Based on the question convert from float-point to custom numeric type, I figured out a portable safe way to convert float-point type into array of integers and the code works fine, but for some values when converting from double
to unsigned long long
with precision that can be safely represented by unsigned long long
the conversion fails not by compile-time error but with invalid value which is minimum representable value for signed long long
or zero, the conversion fails on visual c++ 2008, intel xe 2013 and gcc 4.7.2.

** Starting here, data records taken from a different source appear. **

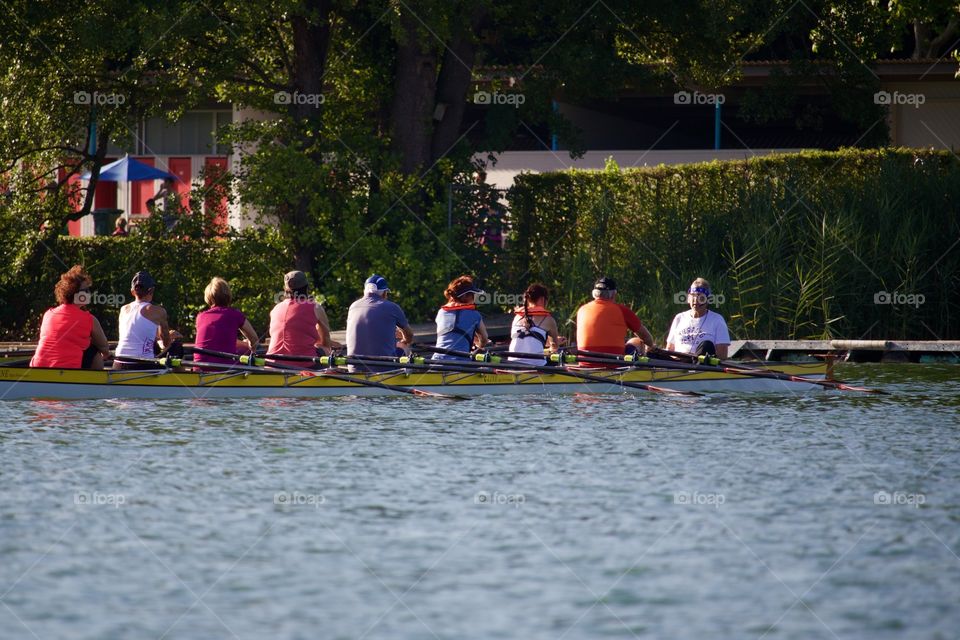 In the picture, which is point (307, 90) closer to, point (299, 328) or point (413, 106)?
point (413, 106)

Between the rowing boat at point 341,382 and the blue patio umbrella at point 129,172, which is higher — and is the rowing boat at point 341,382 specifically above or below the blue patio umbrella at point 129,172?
below

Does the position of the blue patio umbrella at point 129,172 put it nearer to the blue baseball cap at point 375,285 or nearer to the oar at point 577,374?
the blue baseball cap at point 375,285

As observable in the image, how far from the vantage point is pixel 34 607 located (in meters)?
7.94

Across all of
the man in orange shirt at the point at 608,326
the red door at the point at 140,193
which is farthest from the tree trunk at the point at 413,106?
the red door at the point at 140,193

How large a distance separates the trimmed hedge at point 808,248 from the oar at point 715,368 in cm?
461

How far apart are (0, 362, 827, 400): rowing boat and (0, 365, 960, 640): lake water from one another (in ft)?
1.55

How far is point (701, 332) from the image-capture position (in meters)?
17.3

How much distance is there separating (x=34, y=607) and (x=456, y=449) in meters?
5.64

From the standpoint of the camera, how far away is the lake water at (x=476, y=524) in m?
7.84

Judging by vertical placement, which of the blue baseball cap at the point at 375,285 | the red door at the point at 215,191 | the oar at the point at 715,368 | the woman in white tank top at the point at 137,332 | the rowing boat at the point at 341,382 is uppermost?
the red door at the point at 215,191

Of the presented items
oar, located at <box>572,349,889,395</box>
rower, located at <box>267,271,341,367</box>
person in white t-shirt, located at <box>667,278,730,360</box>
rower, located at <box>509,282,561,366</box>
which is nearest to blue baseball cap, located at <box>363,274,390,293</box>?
rower, located at <box>267,271,341,367</box>

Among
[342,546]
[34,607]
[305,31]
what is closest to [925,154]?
[305,31]

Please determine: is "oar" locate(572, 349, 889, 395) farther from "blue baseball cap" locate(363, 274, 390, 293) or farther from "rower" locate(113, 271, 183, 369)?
"rower" locate(113, 271, 183, 369)

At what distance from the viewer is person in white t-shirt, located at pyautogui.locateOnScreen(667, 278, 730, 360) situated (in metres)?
17.1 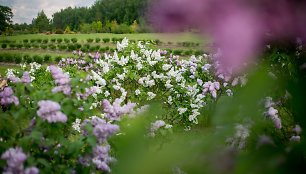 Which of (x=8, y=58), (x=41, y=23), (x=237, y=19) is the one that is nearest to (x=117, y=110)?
(x=237, y=19)

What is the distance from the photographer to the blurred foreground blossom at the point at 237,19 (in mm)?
349

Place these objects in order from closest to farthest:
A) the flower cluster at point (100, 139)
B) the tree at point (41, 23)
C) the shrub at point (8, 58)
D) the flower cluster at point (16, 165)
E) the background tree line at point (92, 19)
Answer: the flower cluster at point (16, 165), the flower cluster at point (100, 139), the shrub at point (8, 58), the background tree line at point (92, 19), the tree at point (41, 23)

here is the code: (notice first statement inside while
loop in main
function)
#ifndef CHAR_BIT
#include <limits.h>
#endif
#include <float.h>
#include <math.h>
typedef signed int int32;
typedef signed long long int64;
typedef unsigned int uint32;
typedef unsigned long long uint64;
typedef float float32;
typedef double float64;
// get size of type in bits corresponding to CHAR_BIT.
template<typename t>
struct sizeof_ex
{
static const uint32 value = sizeof(t) * CHAR_BIT;
};
// factorial function
float64 fct(int32 i)
{
float64 r = 1;
do r *= i; while(--i > 1);
return r;
}
int main()
{
// maximum 2 to power that can be stored in uint32
const uint32 power_2 = uint32(~0);
// number of binary digits in power_2
const uint32 digit_cnt = sizeof_ex<uint32>::value;
// number of array elements that will store expanded value
const uint32 comp_count = DBL_MAX_EXP / digit_cnt + uint32((DBL_MAX_EXP / digit_cnt) * digit_cnt < DBL_MAX_EXP);
// array elements
uint32 value[comp_count];
// get factorial for 23
float64 f = fct<float64>(23);
// save sign for later correction
bool sign = f < 0;
// remove sign from float-point if exists
if (sign) f *= -1;
// get number of binary digits in f
uint32 actual_digits = 0;
frexp(f, (int32*)&actual_digits);
// get start index in array for little-endian format
uint32 start_index = (actual_digits / digit_cnt) + uint32((actual_digits / digit_cnt) * digit_cnt < actual_digits) - 1;
// get all parts but the last
while (start_index > 0)
{
// store current part
// in this line the compiler fails
value[start_index] = uint64(f / power_2);
// exclude it from f
f -= power_2 * float64(value[start_index]);
// decrement index
--start_index;
}
// get last part
value[0] = uint32(f);
}
The convert code above will give different result from compiler to another, meaning when the parameter of factorial function say 20 all compilers return valid result, when the value greater than 20 some compiler gets part of the result others don't and when it is get bigger e.g. 35
it become zero.
please tell me why those error occurs?
thank you.